Clearly constructing such proofs is not the most efficient way of establishing membership in a regular expression!

Regular expressions in LEX:

A very basic reason you must understand regular expressions is that LEX uses them to describe patterns! A pattern is a class of lexemes and LEX uses a regular expression-like-syntax to specify the class of lexemes to be recognized. This is a reminder on how lexing programs are specified and on what they mean.

A lex program has three parts: the definition section, the rules section, and the user subroutine section. These parts are separated by the symbols "%%". In the definition section one can predefine useful patterns:

WHITE     [ \t]
DIG       [0-9]
NUM       -?{DIG}+
ALHA      [a-zA-Z]
ALPHANUM [a-zA-Z0-9]
ID        {ALPHA}{ALPHANUM}*

Here things between square brackets denote a character class: inside one can have a list of single characters or ranges of characters. Once a definition is made one can use the definition by enclosing the call in curly brackets.

In the rule section one can associate actions with patterns (the actual syntax varies depending on the lexer you use and the language involved):

r1        {a1}
r2        {a2}
   ....
rn        {a3}

and in the last section one can provide additional code including a main program.

The way a lexer works conceptually is as follows: it gobbles up the input until there is no pattern which matches the input. At that stage it keeps a pointer to the input eaten and the input still unrecognized and does some action depending on the input which it has gobbled up. The action it chooses is the action associated with the first pattern in the list which still recognizes the input. Thus if L is the input which matches some of the patterns such that the next character x makes L++[x] unrecognizable by any of the patterns then L is collected as a lexeme and the action associated with the first rule whose LHS still matches L is "fired".

This action sometimes involves calling LEX itself (e.g. to skip over white spaces) ... but often will involve the formation of a token which is passed to a calling routine.

The way a LEX program implements this is by building a finite deterministic automaton with actions attached to the states. It is important that you know how this is done as it is a step in the construction of a compiler. Be thankful, however, that you do not have to do it: it has already been done!

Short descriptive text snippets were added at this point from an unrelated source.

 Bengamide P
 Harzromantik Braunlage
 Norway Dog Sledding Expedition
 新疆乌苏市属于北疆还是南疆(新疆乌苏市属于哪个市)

To describe how this is done we need to know how to convert from a regular expression into a deterministic finite automaton and back.

Exercise:

(1) Let \Sigma = { a, b, c, ...} then show that the following are regular expressions:

b
(a|b)*c
((abc)*d | ab*c)
(\empty b*c)
(\empty | ab)
(\epsilon ab)
(\epsilon | ab)
a(a)* (this is often written a+).

(2) Let \Sigma = { a, b, c, ...} then prove that the following are membership relations of regular expressions:

[c] \in (a|b)*c
[a,b,c] \in (a|b)*c
[a,a,c] \in (a|b)*c
[a,c] \in ((abc)*d | ab*c)
[d] \in ((abc)*d | ab*c)
[a,b,c,a,b,c,d] \in ((abc)*d | ab*c)
[a,b,b,c] \in ((abc)*d | ab*c)
[a,b] \in (\epsilon | ab)
[] \in (\epsilon | ab)

(3) We could use a language to describe regular expressions:

where the tokens are translated as

"(" => LPAR
")" => RPAR
"*" => STAR
"|" => SLASH
[a-zA-Z] => ALPHA
"0" => NULL

Note: the regular expression "()" represents \epsilon while the empty set is denoted by "0".

Why is this different from the definition of regular expressions given above?

Is this grammar LL(1). If not can you transform it to be LL(1)?

Translating between regular expression, NFAs, and DFAs

It is a classical result of language theory (which you should have covered in cpsc313) that the descriptive power of regular languages, regular expressions, non-deterministic finite automata (NFAs), and deterministic finite automata (DFAs) are all the same. The proof that they are the same relies on a series of translations between the various formalisms.
These translations are constructive: that is they can be translated into programs which actually do the transformations. LEX and YACC actually rely very heavily on these transformation methods and so it is important that you know how they work.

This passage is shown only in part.